-- Your task --
The lines to transcribe begin with the one containing "Inchiriere incarcator Telescopic" and end with the last line below; reproduce them exactly, without the pictures.

-- Data below --
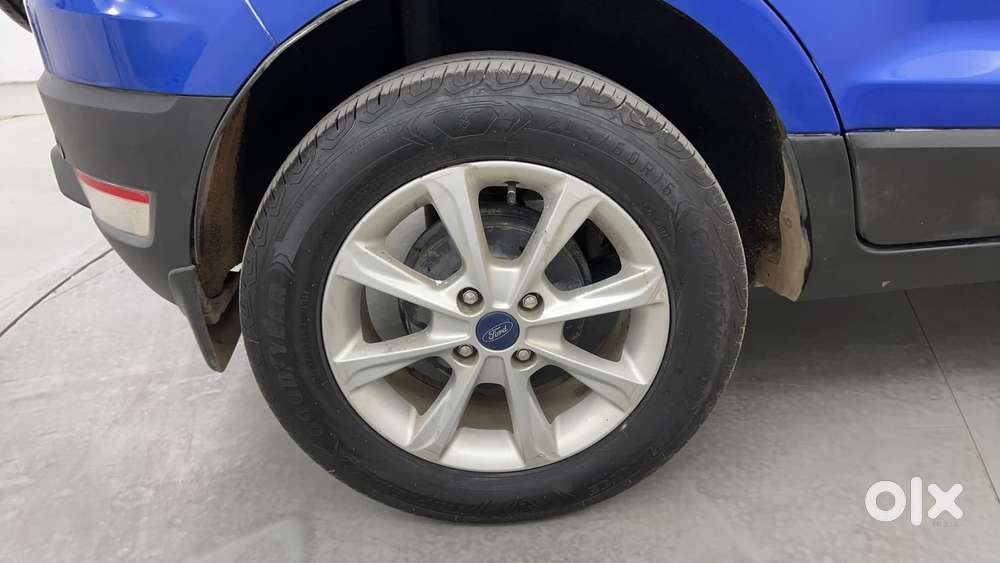 Ford Ecosport 1.5 Diesel Titanium, 2018, Diesel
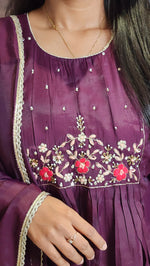 Ethnic Salwar Set(10362)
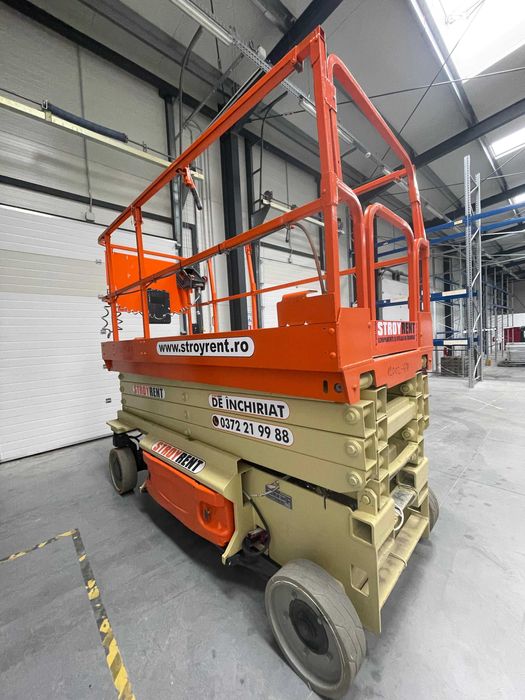 Inchiriere incarcator Telescopic Rotativ Magni 5.21 RTH MANITOU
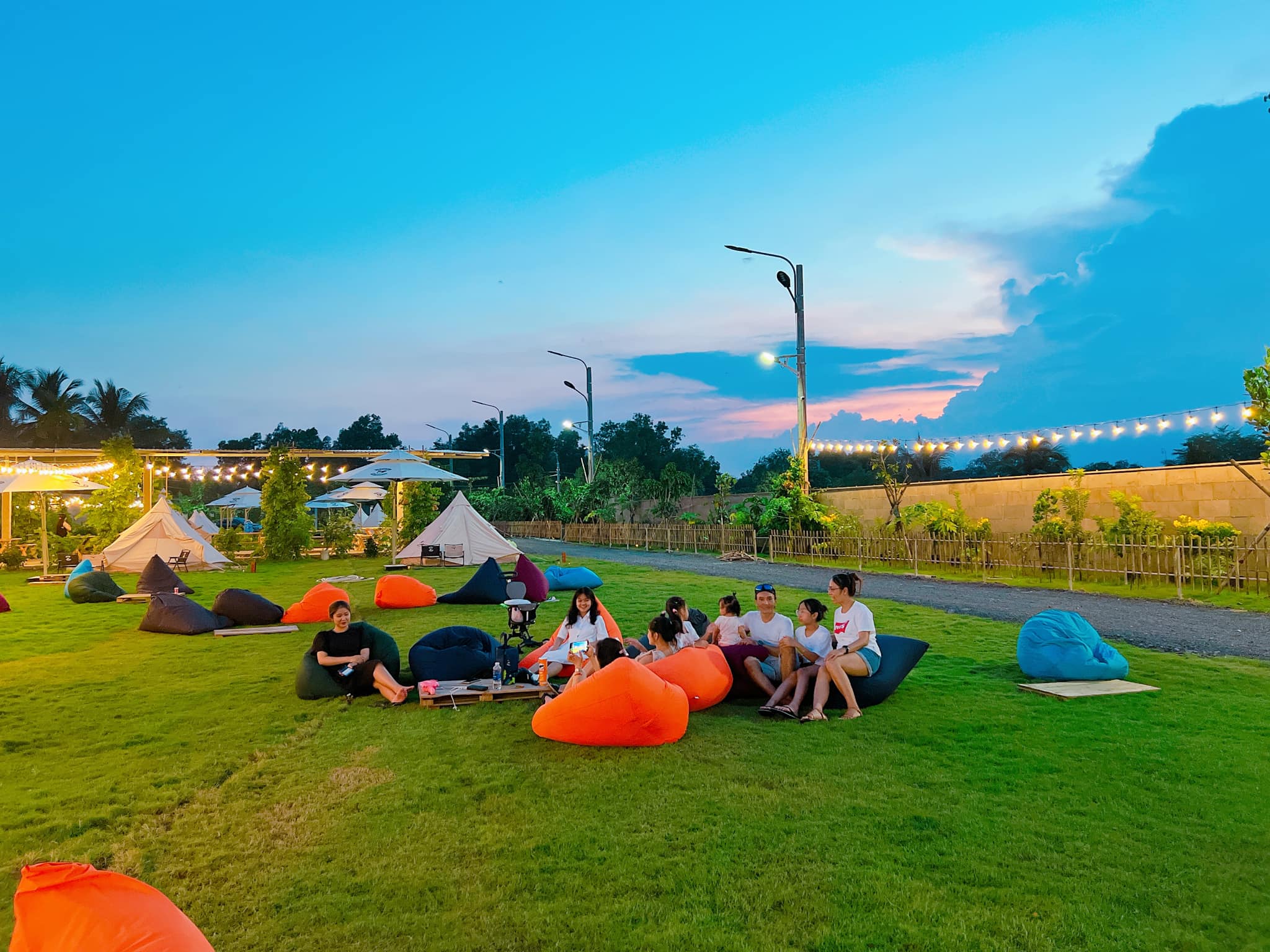 family glamping in Vietnam_4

-- Solution to the problem --
 Inchiriere incarcator Telescopic Rotativ Magni 5.21 RTH MANITOU
 family glamping in Vietnam_4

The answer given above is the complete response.